Task directions
Begin at the line containing "Trưởng Ban Nội chính Trung ương Lê Minh Trí" in the records below, end at the line containing "Ly De Angeles", and retype each line in that span exactly. No other line and no image should appear.

Data to use
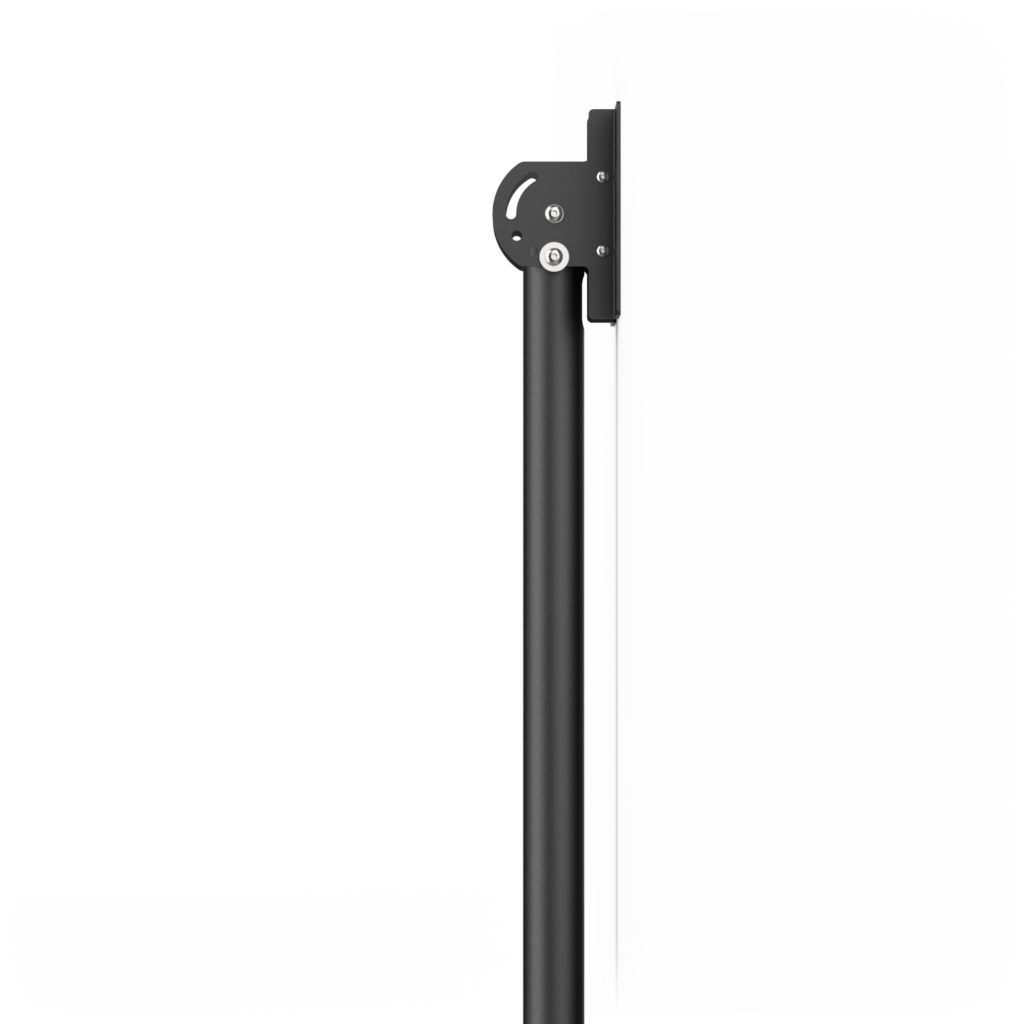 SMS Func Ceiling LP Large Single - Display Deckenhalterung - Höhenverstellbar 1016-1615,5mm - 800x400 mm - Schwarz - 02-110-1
* * *
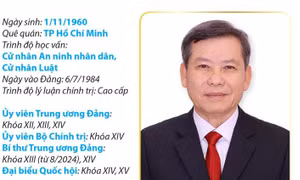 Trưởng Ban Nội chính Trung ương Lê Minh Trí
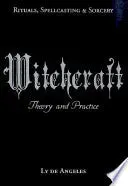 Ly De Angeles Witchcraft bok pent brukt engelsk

Output of the task
 Trưởng Ban Nội chính Trung ương Lê Minh Trí
 Ly De Angeles Witchcraft bok pent brukt engelsk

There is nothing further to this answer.